_Source data_
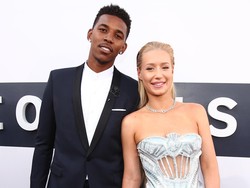 Payudara Lebih Indah, Iggy Azalea Memuja Dokter Bedah Plastiknya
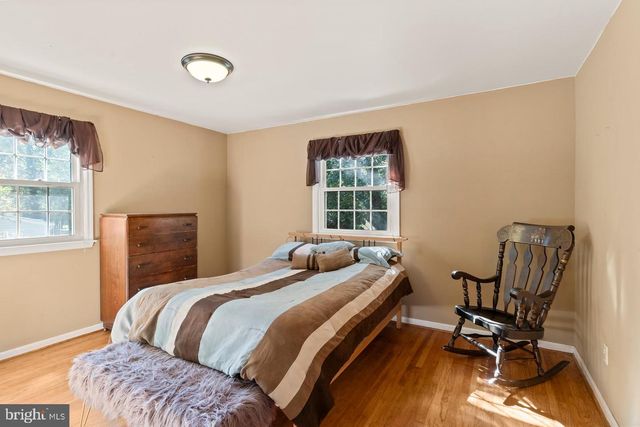 187 S LAKESIDE DR E, Medford, NJ 08055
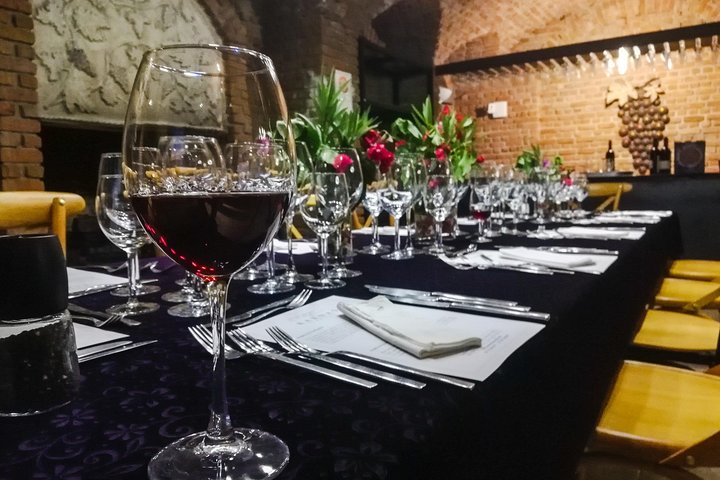 Christmas Dinner at Karnas Vineyards - Image 1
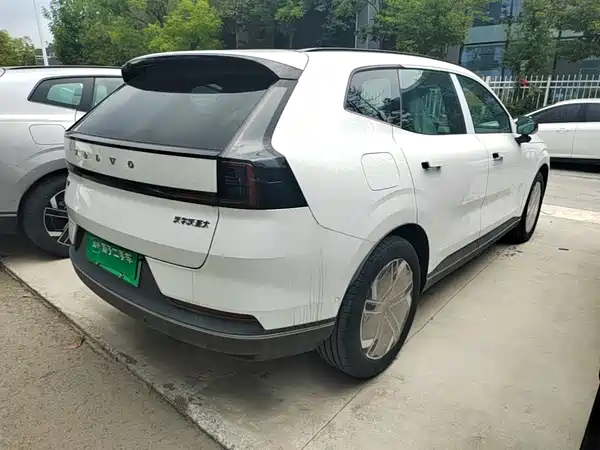 Volvo XC70 Plug-In Hybrid 2026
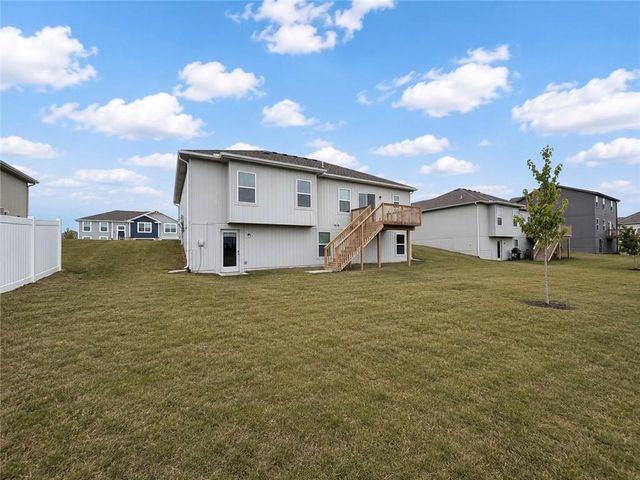 910 SW Pintail Drive, Oak Grove, MO 64075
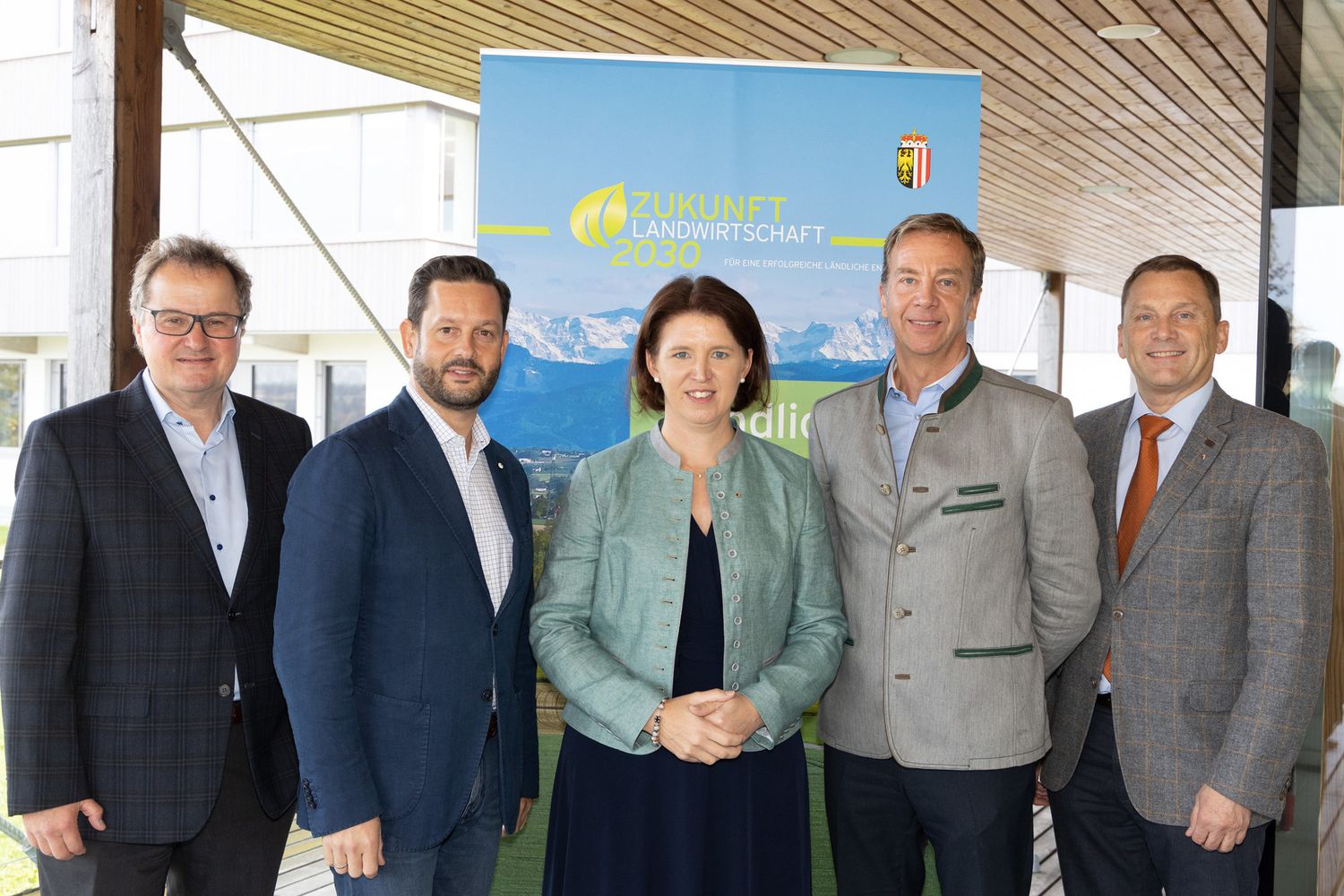 Karl Fischer, Christoph Metzker, Michaela Langer-Weninger, Rainer Haas und Hubert Huber beim Agrarinnovationstag (v.l.)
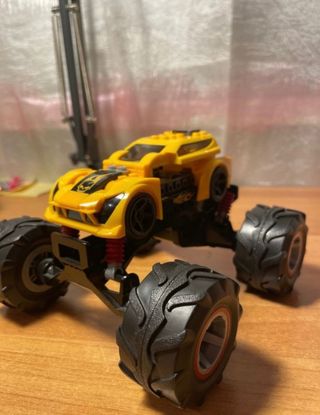 Hot wheels super blitzen Monster truck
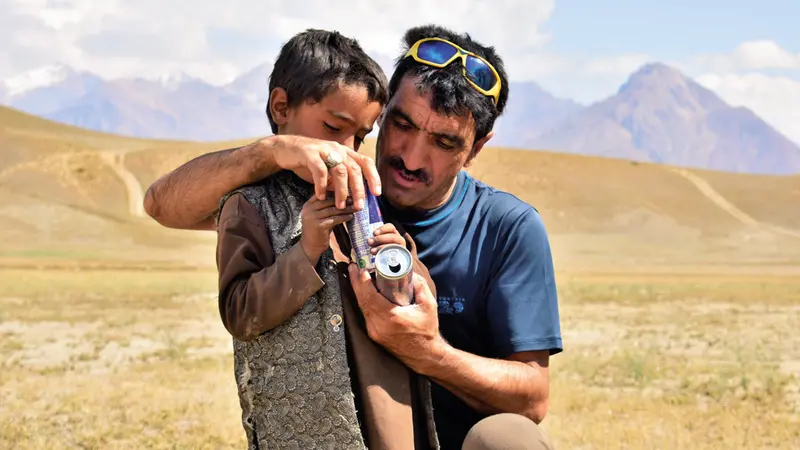 L'alpinista pakistano Ali Sadpara con il figlio - © www.giornaledibrescia.it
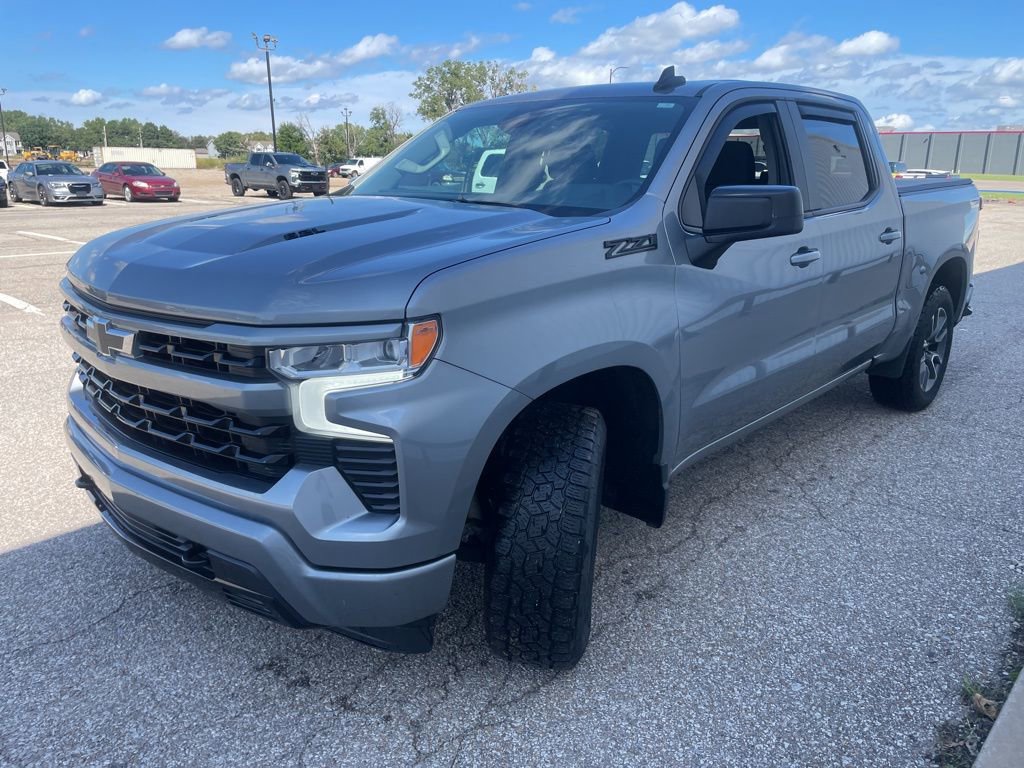 2023 Chevrolet Silverado 1500 RST photo 2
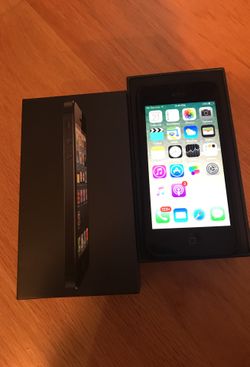 iPhone 5 UNLOCKED + many cases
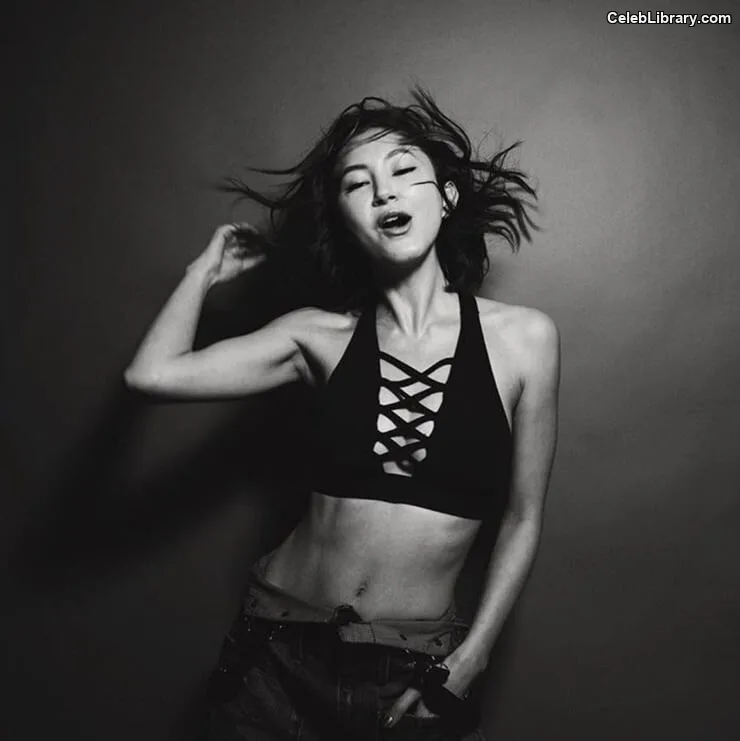 Kimiko Glenn photo 10 of 321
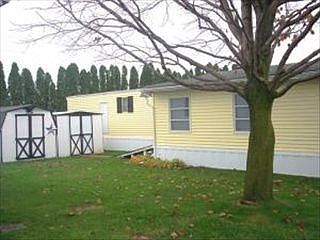 2nd image of 15 Moccasin Dr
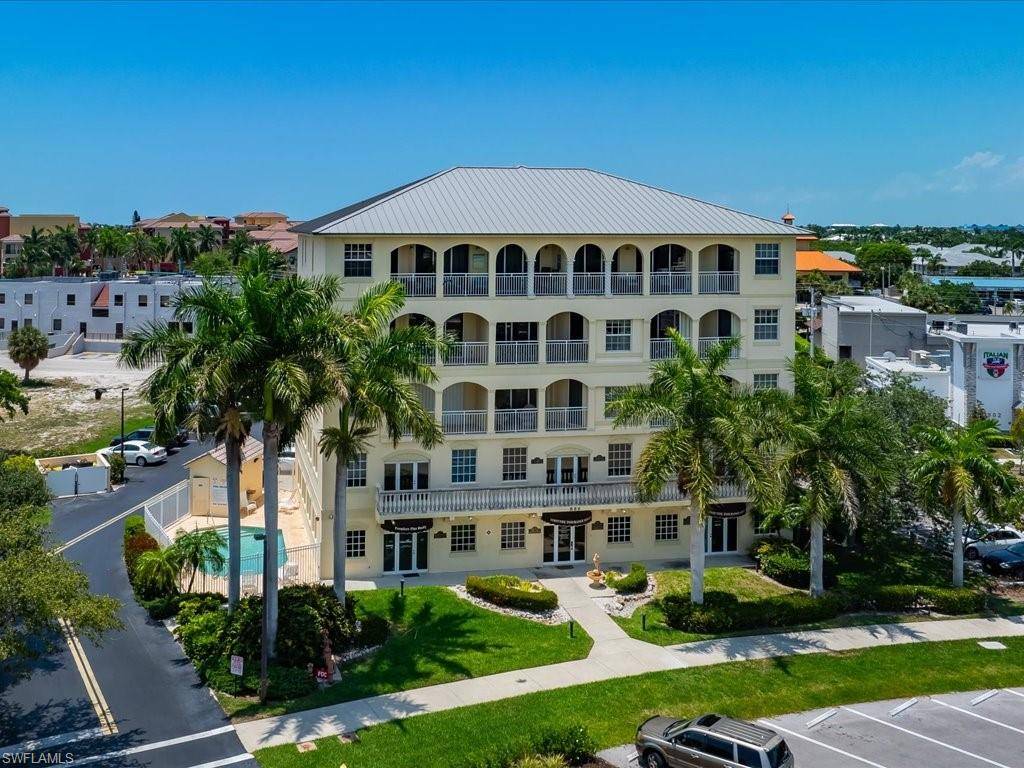 886 Park AVE 403, Marco Island, FL 34145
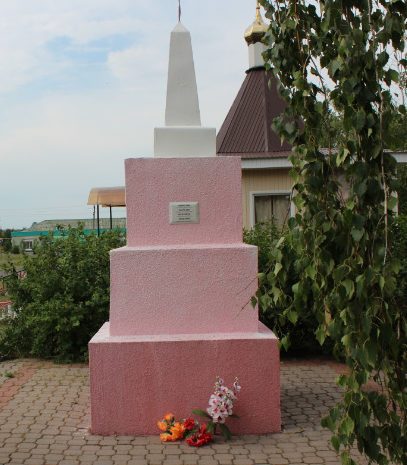 с. Расховец Красненского р-на. Памятник по улице Центральной, установленный на братской могиле советских воинов.
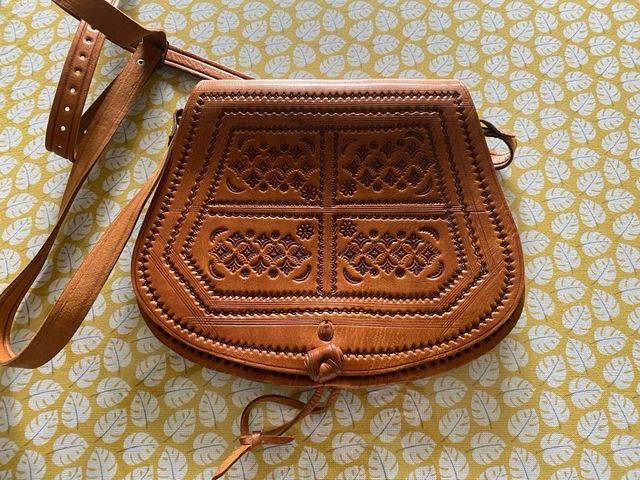 Bolso piel hecho a mano marron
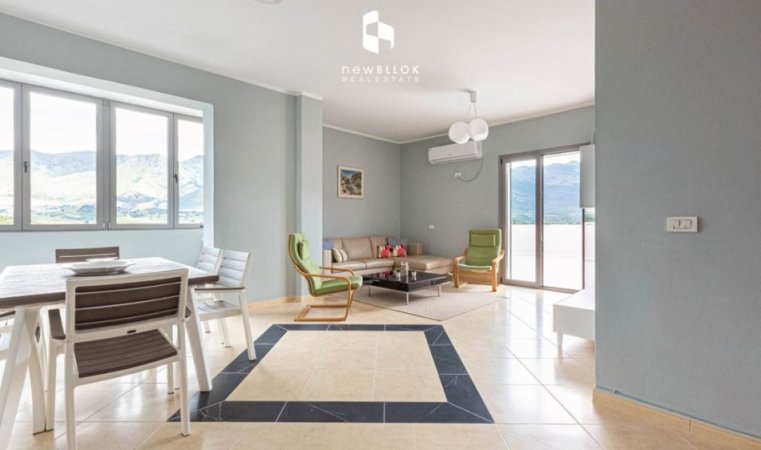 Shitet Penthouse GJIGAND (Si Vilë) : 3+1+2wc & Verandë (250m2) +Taracë (198800 €) 120m2 | ( 15 min nga Green Coast 🌊) 📍Rradhimë – Me Pamje nga Deti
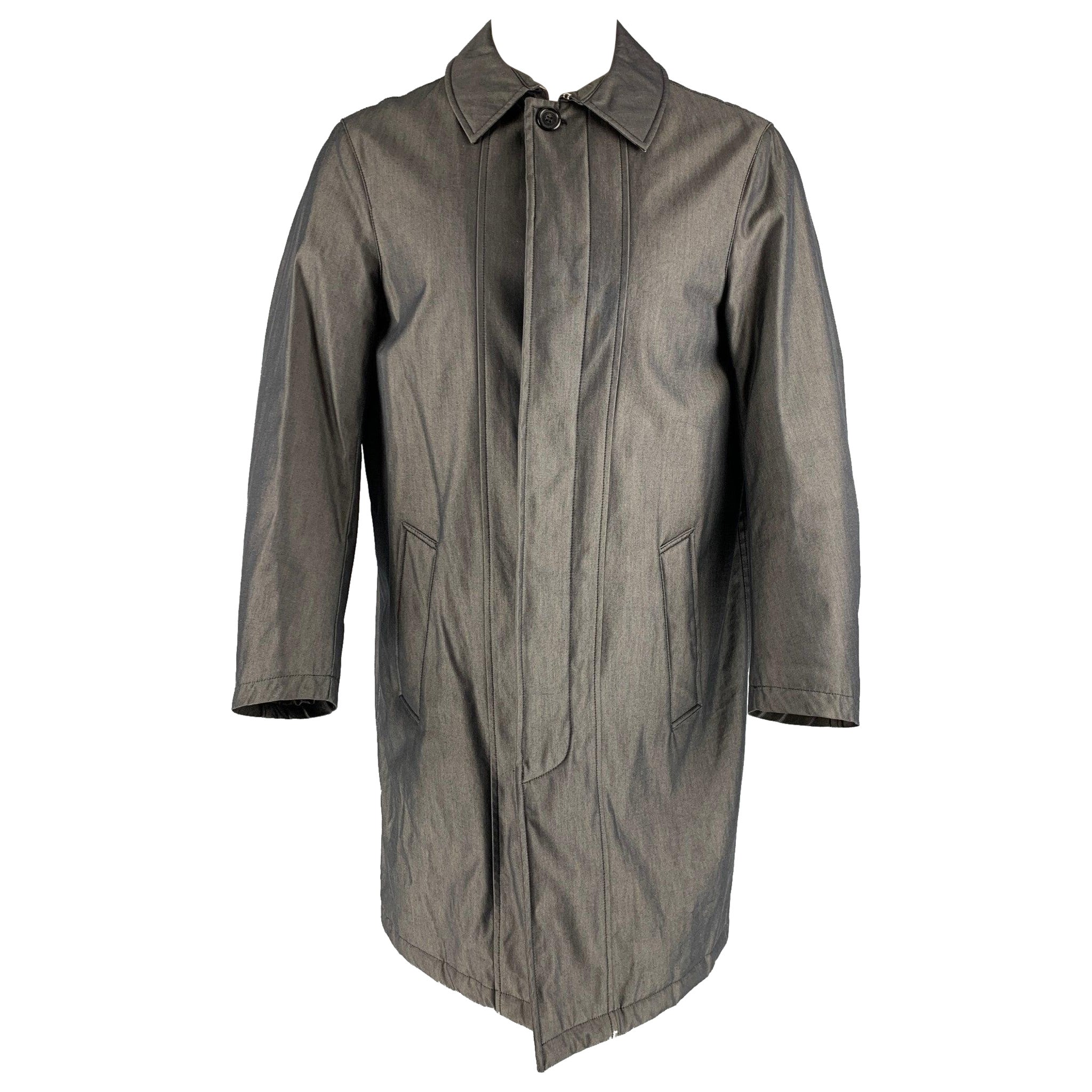 Burberry London Taglia S Cappotto grigio in cotone tinta unita con abbottonatura nascosta in vendita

_Aim of the task_
Leave out the pictures, then reproduce exactly the run of lines from the one that contains "2023 Chevrolet Silverado 1500 RST photo 2" to the final line of the listing above.

_Problem solution_
 2023 Chevrolet Silverado 1500 RST photo 2
 iPhone 5 UNLOCKED + many cases
 Kimiko Glenn photo 10 of 321
 2nd image of 15 Moccasin Dr
 886 Park AVE 403, Marco Island, FL 34145
 с. Расховец Красненского р-на. Памятник по улице Центральной, установленный на братской могиле советских воинов.
 Bolso piel hecho a mano marron
 Shitet Penthouse GJIGAND (Si Vilë) : 3+1+2wc & Verandë (250m2) +Taracë (198800 €) 120m2 | ( 15 min nga Green Coast 🌊) 📍Rradhimë – Me Pamje nga Deti
 Burberry London Taglia S Cappotto grigio in cotone tinta unita con abbottonatura nascosta in vendita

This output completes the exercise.